The company is just getting started in attracting customers, but its largest so far has given Gradient more than 500,000 cards to process.

Different subscription price tiers attract different customers and collection sizes. Pay-as-you-go card scanning runs 40 cents per card. A premium level subscription is $9.99 per month for up to 10,000 cards; Pro is $29.99 per month for up to 30,000 cards; and Commercial is $99.99 per month for up to 100,000 cards. The levels include secure storage and other perks.

Customers gain access to a personal web portal where they can manage their collections and see images of their cards, read the card details, list them on eBay through the Gradient Collects store, and monitor active and sold listings. A customer can choose one card or “send all my cards to eBay” and Gradient’s system will generate such a request.

Gradient takes between 16% and 20% per sale, depending on the subscription level, with 13% or 14% of that covering the costs with eBay.

The startup, which employs 25 people, streams live auctions on eBay where hosts excitedly open packs of Pokémon cards from a makeshift in-house studio located behind piles of boxes. And the company is also building its own marketplace so it can give customers the option of listing with Gradient, eBay or both.
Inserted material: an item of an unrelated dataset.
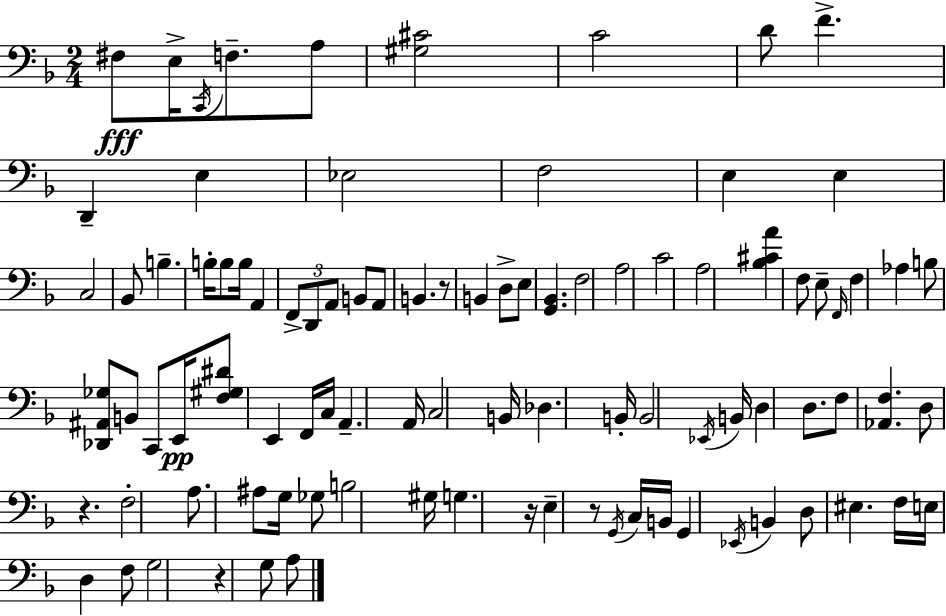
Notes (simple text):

F#3/e E3/s C2/s F3/e. A3/e [G#3,C#4]/h C4/h D4/e F4/q. D2/q E3/q Eb3/h F3/h E3/q E3/q C3/h Bb2/e B3/q. B3/s B3/e B3/s A2/q F2/e D2/e A2/e B2/e A2/e B2/q. R/e B2/q D3/e E3/e [G2,Bb2]/q. F3/h A3/h C4/h A3/h [Bb3,C#4,A4]/q F3/e E3/e F2/s F3/q Ab3/q B3/e [Db2,A#2,Gb3]/e B2/e C2/e E2/s [F3,G#3,D#4]/e E2/q F2/s C3/s A2/q. A2/s C3/h B2/s Db3/q. B2/s B2/h Eb2/s B2/s D3/q D3/e. F3/e [Ab2,F3]/q. D3/e R/q. F3/h A3/e. A#3/e G3/s Gb3/e B3/h G#3/s G3/q. R/s E3/q R/e G2/s C3/s B2/s G2/q Eb2/s B2/q D3/e EIS3/q. F3/s E3/s D3/q F3/e G3/h R/q G3/e A3/e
Like a kid opening a fresh pack of cards at the corner mini mart, the possibilities with Gradient seem pretty endless. Especially for the kid, or, let’s face it, the adult collector, who finally uncovers those attic shoeboxes stuffed with thousands of cards and doesn’t know where to start.

“Our job is to help you digitize and inform you what you have, and then you get to choose what you wanna do with it,” Lubbers said.